È stato definito un figlio di famiglia, un giovane viziato che non ha saputo affrontare le bugie dette ai genitori su esami all’università mai sostenuti.
«Non potrò mai smettere di sentirmi colpevole per non essere stato sincero su come stava la mia situazione universitaria. Ma ho rimandato perché mia madre in quel periodo non stava bene, mio padre aveva problemi economici. Dopo la loro morte, sono arrivati i pm e hanno detto che avevo taciuto perché non volevo farli soffrire, e che per questo li avevo uccisi. Ma come si può pensare a una cosa del genere? La nostra era una bellissima dinamica familiare. I miei genitori mi hanno sempre voluto un bene incredibile».

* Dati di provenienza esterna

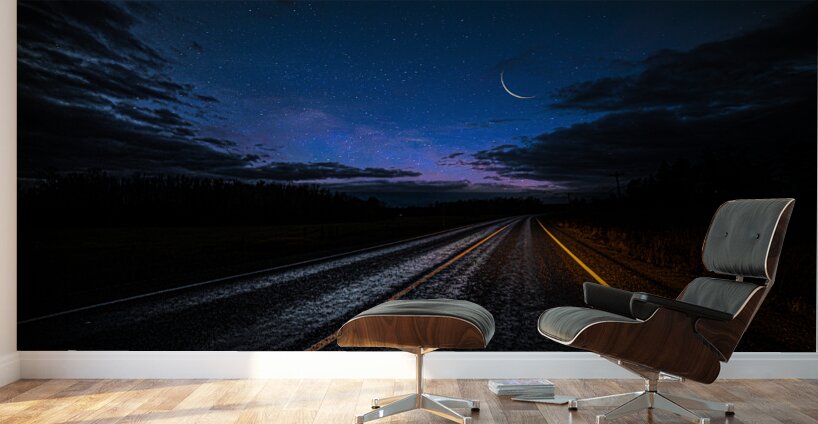 DSC 3446  Wall Murals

Davanti a tanta gente che l’ha creduta colpevole, non c’è mai stato un momento in cui ha dubitato di se stesso?
«Io sono innocente, non mi stancherò mai di ripeterlo. Condannare me è stata la soluzione più facile per tutti. Persino gli agenti penitenziari che, nelle ore successive all’arresto, mi controllavano a vista per paura che mi facessi del male, cercavano di convincermi. Mi dicevano:l’hai fatto tu, ma ora non te lo ricordi. E io non riuscivo ad arrabbiarmi, perché sono una persona che tende a soffrire. Il dolore è il sentimento che mi ha accompagnato in tutti questi anni. Ho anche pensato di uccidermi, perché così smettevo di sentire questo enorme dolore, ma i miei genitori non avrebbero voluto. Loro avrebbero voluto per me una vita felice. Mi sono laureato con lode in Scienze giuridiche, e ora devo andare avanti per dimostrare che la verità è un’altra».
Su cosa baserete la vostra richiesta di revisione?
«Troppe cose non sono state valutate: a cominciare da alcuni rapporti di lavoro che mio padre ha avuto con la malavita. Ho saputo solo dopo che era entrato in contatto con personaggi della Banda della Magliana, aveva problemi economici, e ha avuto bisogno degli usurai. Io sono stato condannato per indizi molto labili».
Aral non dice per rispetto, che gli investigatori hanno trovato nelle tasche del padre Gabriele un profilattico, forse un’altra traccia da cui ripartire.
Immagina una vita fuori dal carcere?
Sorride. «Uscire da qui? Ora no, non ci penso. Conta solo rivedere il processo. In questi anni ho conosciuto tante persone che hanno preso a cuore la mia vicenda, non sono più solo».
Un’ultima domanda, la più delicata: perché quando ha trovato i corpi dei suoi genitori chiusi nei sacchi, non ha tentato di strappare la plastica? Li ha lasciati lì ed è fuggito.
È l’unico momento in cui Aral muove le mani. Si tocca la pelle, quasi come se sentisse la plastica di quei sacchi schiacciata sul viso, e la volesse strappare. «Mi sono inginocchiato davanti a quei corpi. Ho guardato, cercavo di capire, poi attraverso la plastica nera del sacco ho visto mia madre. La pelle era arancione, ho capito che era morta, che erano tutti e due morti. Ho avuto dei conati di vomito, sono fuggito fuori dalla stanza e non ho capito più niente».